“I think he and Rattlesnake Annie were instrumental in keeping them from damming the Brazos, between PK and Granbury [lakes],” said Lela Abernathy, a journalist, poet and fifth-generation Palo Pinto County resident.
“He’s a good writer; he says a lot with few words,” she added. “He’s my favorite Texas author and his narratives were written from scholarly, historical and naturalist points of view – and he was well-versed in all three fields.”
“Some of my family are featured in ‘Goodbye to a River,’” she said, citing the story of her relative, Jodie Corbin, who was with Jesse Veale when Veale was killed by Native Americans. “He has made the history of the county and some of my ancestors come alive.”

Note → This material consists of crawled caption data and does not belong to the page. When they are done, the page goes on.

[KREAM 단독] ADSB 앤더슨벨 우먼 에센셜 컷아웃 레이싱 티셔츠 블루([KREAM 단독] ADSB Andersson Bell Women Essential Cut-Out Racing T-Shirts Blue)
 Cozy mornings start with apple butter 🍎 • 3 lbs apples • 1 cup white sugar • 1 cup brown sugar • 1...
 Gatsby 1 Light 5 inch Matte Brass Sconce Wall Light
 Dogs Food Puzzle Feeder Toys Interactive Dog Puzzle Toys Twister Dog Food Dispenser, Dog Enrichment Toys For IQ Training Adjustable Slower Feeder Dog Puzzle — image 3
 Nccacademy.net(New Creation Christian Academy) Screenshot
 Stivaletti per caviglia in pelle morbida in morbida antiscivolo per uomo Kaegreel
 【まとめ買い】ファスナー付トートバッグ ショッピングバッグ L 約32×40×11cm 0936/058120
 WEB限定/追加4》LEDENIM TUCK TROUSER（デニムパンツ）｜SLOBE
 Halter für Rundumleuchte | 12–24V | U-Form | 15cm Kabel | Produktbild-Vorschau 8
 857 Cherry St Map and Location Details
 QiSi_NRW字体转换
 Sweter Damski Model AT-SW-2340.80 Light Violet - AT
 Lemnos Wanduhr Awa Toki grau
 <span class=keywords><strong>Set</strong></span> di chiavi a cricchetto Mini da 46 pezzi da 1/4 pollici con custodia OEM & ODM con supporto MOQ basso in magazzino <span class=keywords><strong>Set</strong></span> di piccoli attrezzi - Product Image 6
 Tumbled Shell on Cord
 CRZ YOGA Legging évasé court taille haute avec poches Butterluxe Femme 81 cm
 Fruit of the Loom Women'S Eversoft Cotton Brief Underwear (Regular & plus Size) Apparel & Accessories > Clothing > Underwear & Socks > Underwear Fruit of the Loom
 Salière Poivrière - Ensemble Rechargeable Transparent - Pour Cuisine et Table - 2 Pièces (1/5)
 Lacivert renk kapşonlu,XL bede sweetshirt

For Mineral Wells resident and recent award-winning writer Gerald Warfield, Graves is synonymous with other well-known naturalist writers that helped define regions of the United States.
“For me, there are writers that are identified with different parts of the country – John Muir [for California’s Sierra Nevada mountains] and Henry Beston, who painted beautiful word pictures of Cape Cod – but this was our man,” he said. “This was our representative for the natural wonders of this part of the country to the rest of the world.”
“He was the guy who represented us beautifully,” added Warfield, explaining that parts of Texas are “kind of sparse at times and Graves painted the best of this area. The way that he represented the Brazos watershed, he really lifted that out as the jewel of this part of the country.”
Joyce Rochelle is the owner of Rochelle’s Canoe Rental, on the Brazos River, a business started by her late husband Harlan’s grandparents in the 1920s. Although she never met Graves, she recalled Graves “came by here several times and visited with our grandparents, while writing [‘Goodbye to a River’].”